You verify that they're all valid, and the blockchain with the greatest accumulated difficulty (correlated with chain length) is assumed to be the valid one used by the whole network.

Whenever you get new blocks you first verify validity, and then you check if they make up for a conflicting blockchain longer than yours (if so, you switch), shorter than yours (ignore), or if it extends the blockchain you have (then you add them).

Number of peers don't matter in Bitcoin.

baby
OK. So you get an arbitrary number of blockchains, you check which one is the longest, it wins. Doesn't matter if you have 50 against 1 that are shorter and on a different path?
Natanael_L
Only one thing matters - a validly formed blockchain with a total accumulated proof of work greater than that of any other individual chain.

This typically also means that the longest individual blockchain wins.

fidz
Great explanation. Thank you very much. However, it raises question for me:

- So "Hash" it combination of Block Number, Nonce, and the Data? - If "mining" means computing the Nonce, what is the actual data to be hashed? - For Coinbase case, is it the data is the miner's Coinbase Account? So that if mining successful, the miner will get the "money"? If so, how do the first miner advertise the result so that the other peer can trust that the first miner actually get the money?

Natanael_L
Coinbase the company is unrelated to the Bitcoin protocol, other then that they use it like everybody else.

The hash covers the Bitcoin block header. The header includes a Merkle Tree Hash of all transaction, including the transaction that is the base for creating new coins = coinbase.

You pay to public keys. Payments have to be signed by the private key holder for the public key that a given set of coins have been assigned to.

Publishing the block itself that you mined is how your announce it. Others then have to accept your block and continue building on it as a part of the blockchain.

Canada
It's an expression containing a public key controlled by the miner.

The way you give value to someone else is by saying, "whoever can make this expression evaluate true can move the funds"

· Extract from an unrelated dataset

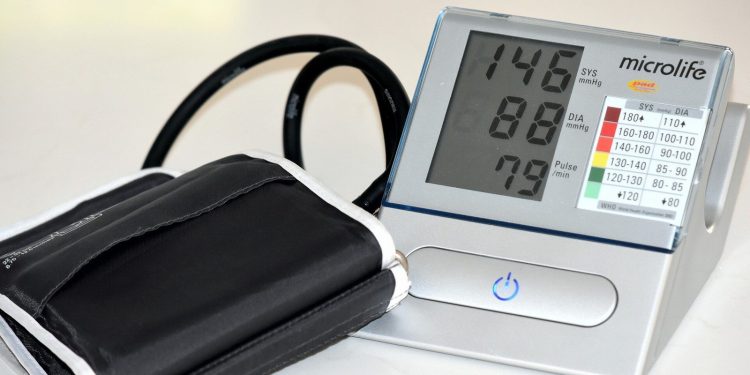 Menopausa precoce e ipertensione: rischio più alto prima dei 40 anni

https://en.bitcoin.it/wiki/Script

mnemotronic
At about 8:50 he describes how changes to early blocks cause the chain to "resist change". I understand how a change to a previous block will require re-computation of subsequent blocks, but how is this "resisting change"? Just recompute the nonce for each of the remaining 2 or 3 blocks. No big deal. What am I missing?
xxbondsxx
Even if it were computationally cheap to do so (despite a very long blockchain and new blocks arriving), it is a peer-driven system. So if you alter your blockchain, it will differ from the majority consensus from the rest of the crowd and your version of the truth will be rejected.
Natanael_L
You also need to compete with all the miners in the network to accumulate more proof of work in your chain than what's already been added in the existing chain.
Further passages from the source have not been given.